- **What is required**: Write out the listing exactly, from its first line through the line holding "フードなしスポーツダウンジャケット 男性 Superdry", but include none of the pictures.

- **Exercise materials**:
==============================

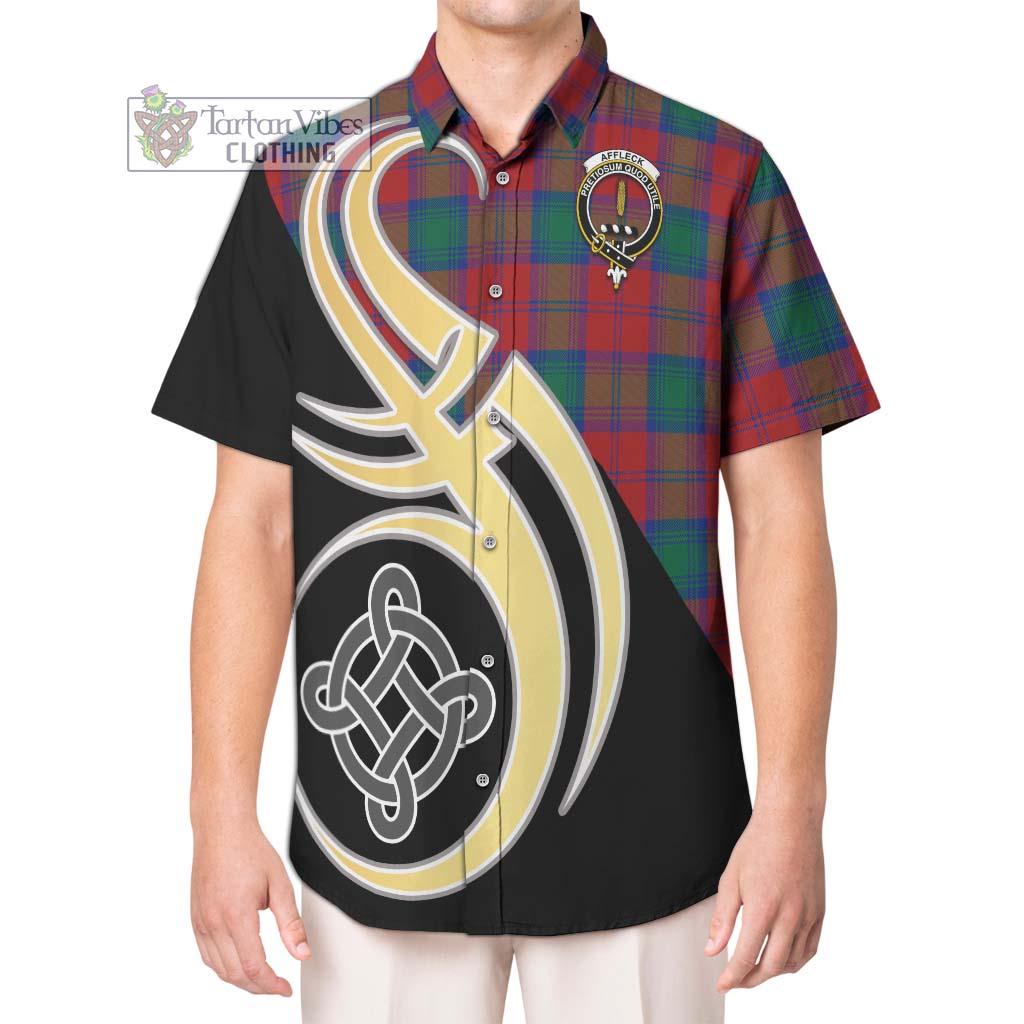 Affleck Tartan Hawaiian Shirt with Family Crest and Celtic Symbol Style Kid - Tartan Vibes Clothing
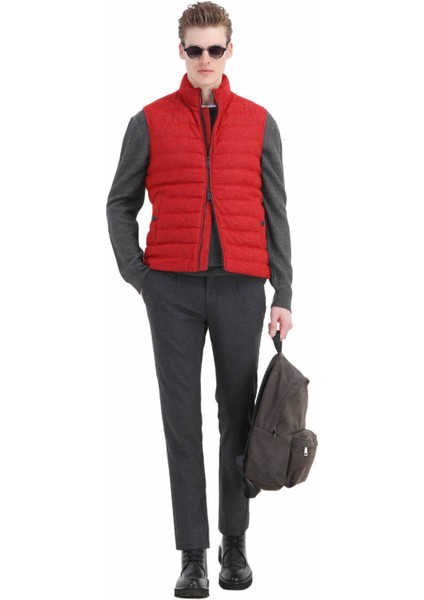 Kırmızı Regular Fit Dik Yaka Casual Dokuma Spor Yelek fırsatları
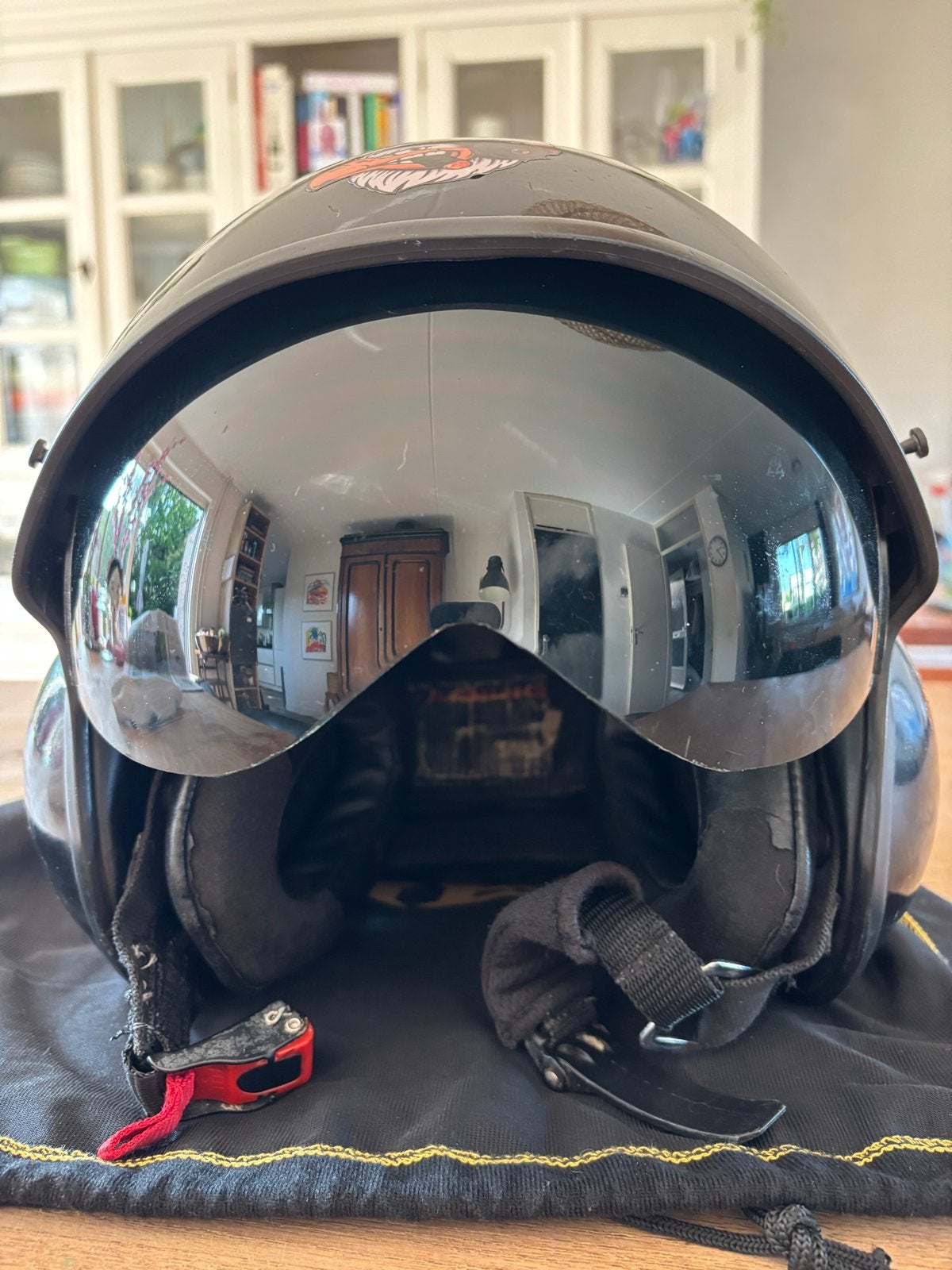 Retro pilotenjelm - Zwart, Vintage Stijl, 4 liter of meer, Ophalen of Verzenden, Gebruikt, 3 snelheden of meer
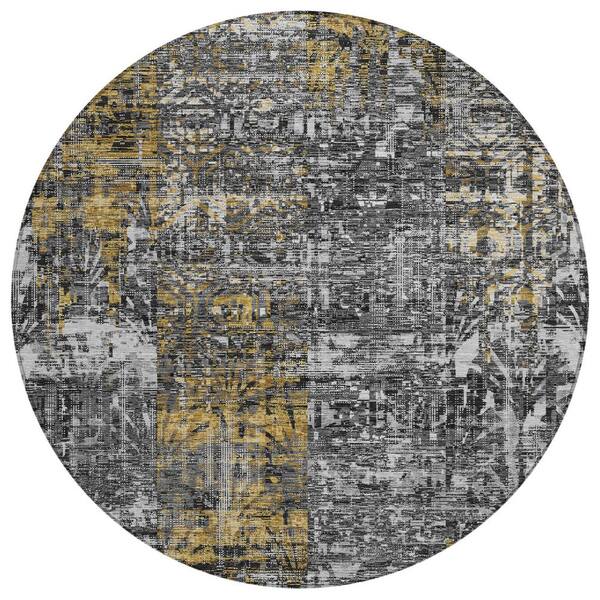 Chantille Machine Washable Indoor/Outdoor Abstract ACN2785 Black 8 ft. x 8 ft. Round Rug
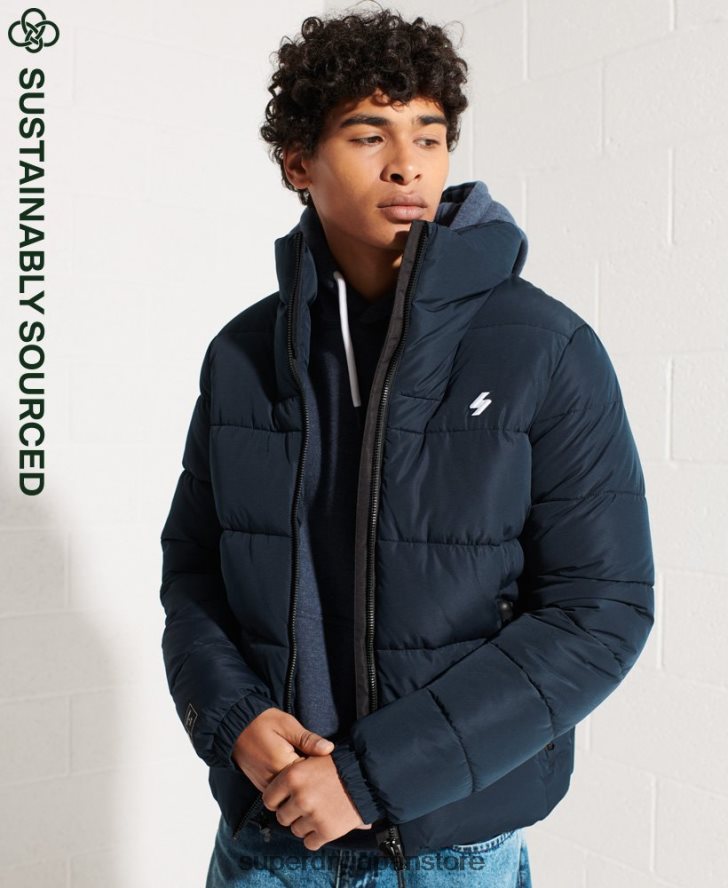 フードなしスポーツダウンジャケット 男性 Superdry 衣類 海軍 2J62PZ4676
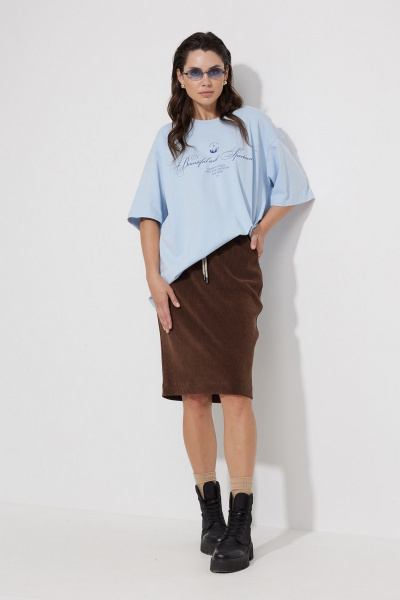 Юбка из вельвета и трикотажа с поясом и карманами MG Wear 3103 коричневый - фото 1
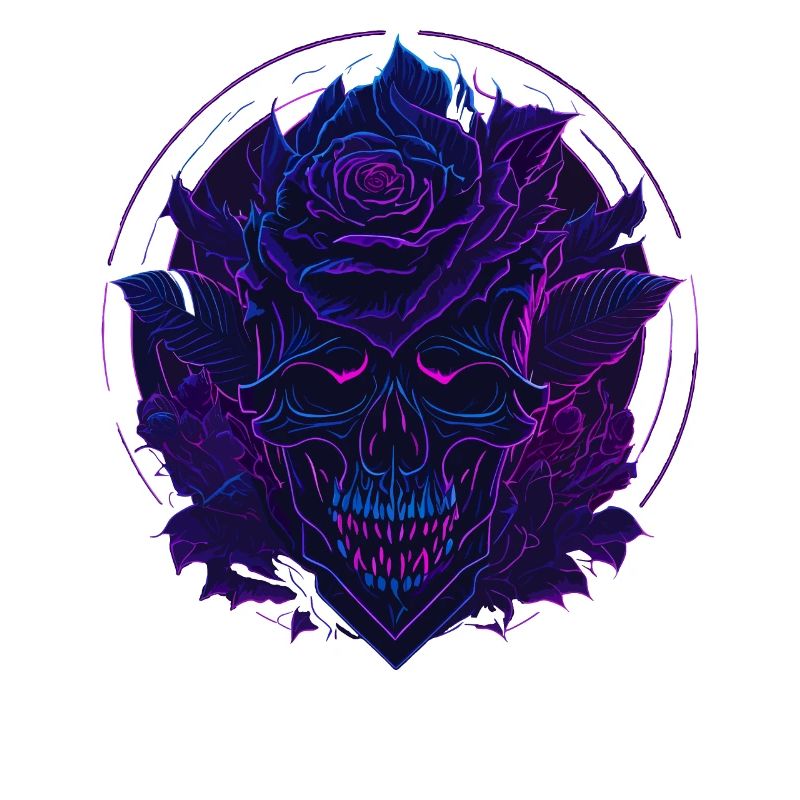 Neon Roses Skull EDM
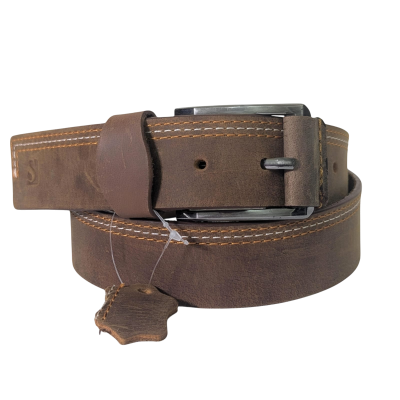 Contrast Stitch Brown Cowhide Leather Belt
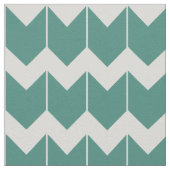Blauwgroen en niet wit Chevron Pattern Stof (Close Up)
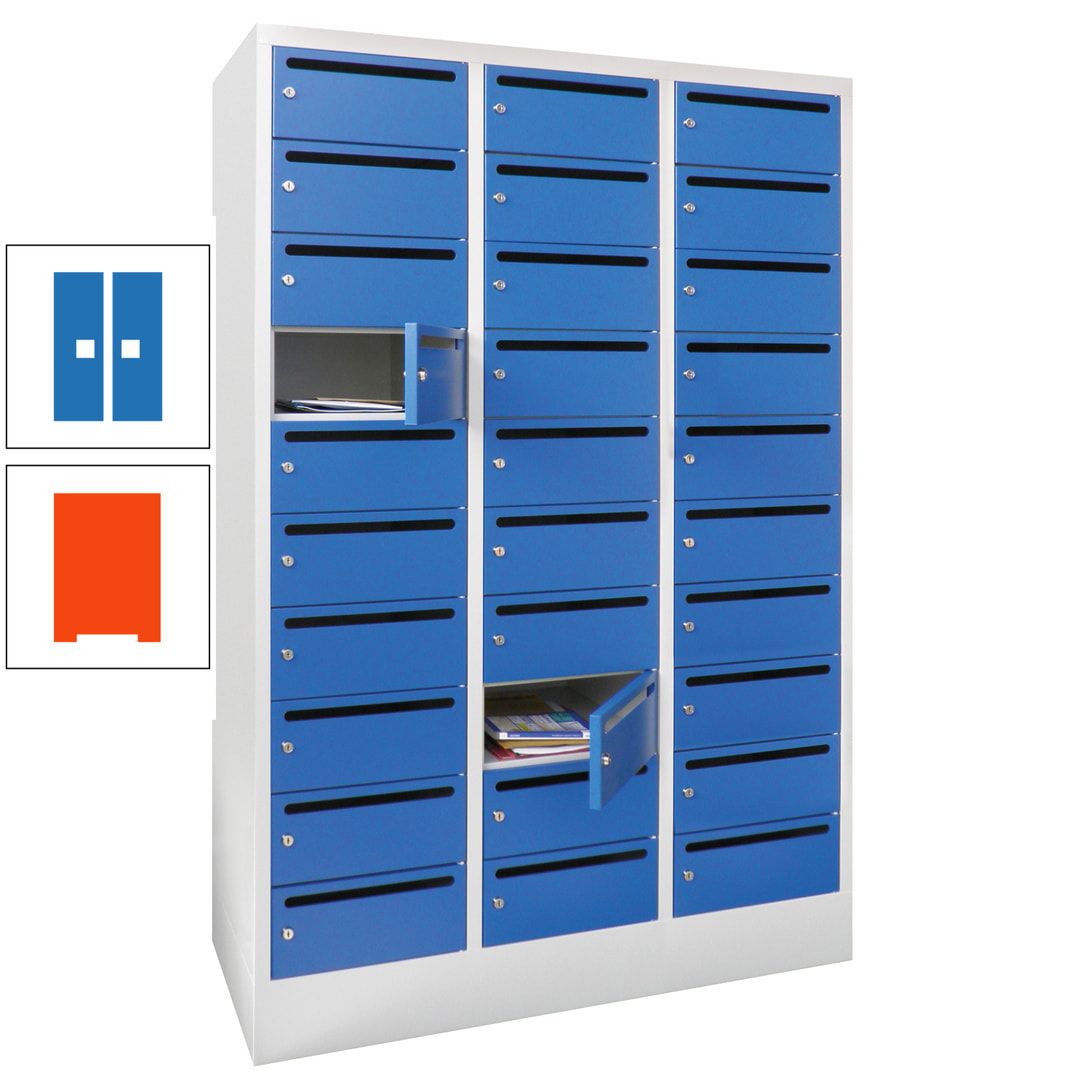 Postverteilerschrank, Schließfachschrank, 3 Abteile a 300 mm, 30 Fächer, 1.850 x 900 x 500 mm (HxBxT), Korpus anthrazitgrau, Front anthrazitgrau
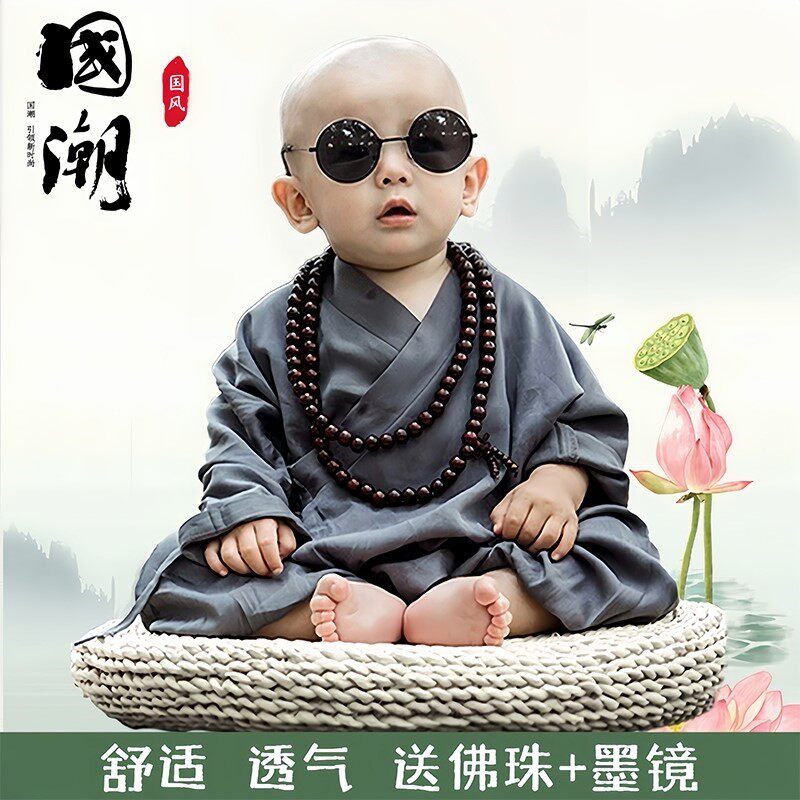 小和尚衣服儿童演出服搞怪和尚服拍照汉服书童小学生僧袍国学宝宝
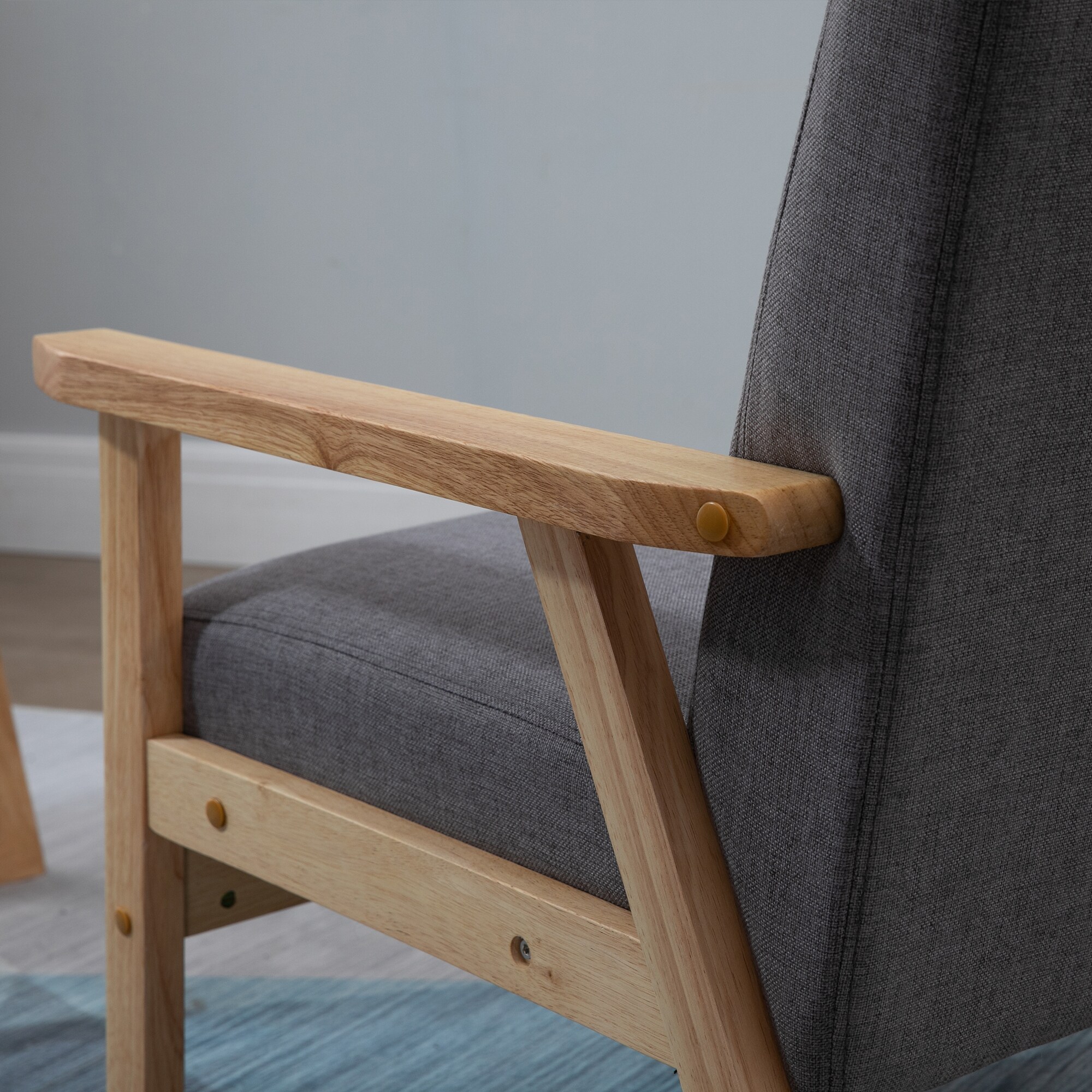 HOMCOM Sessel mit A-förmigen Beine grau 64L x 70B x 72H cm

==============================

- **Task output**:
 Affleck Tartan Hawaiian Shirt with Family Crest and Celtic Symbol Style Kid - Tartan Vibes Clothing
 Kırmızı Regular Fit Dik Yaka Casual Dokuma Spor Yelek fırsatları
 Retro pilotenjelm - Zwart, Vintage Stijl, 4 liter of meer, Ophalen of Verzenden, Gebruikt, 3 snelheden of meer
 Chantille Machine Washable Indoor/Outdoor Abstract ACN2785 Black 8 ft. x 8 ft. Round Rug
 フードなしスポーツダウンジャケット 男性 Superdry 衣類 海軍 2J62PZ4676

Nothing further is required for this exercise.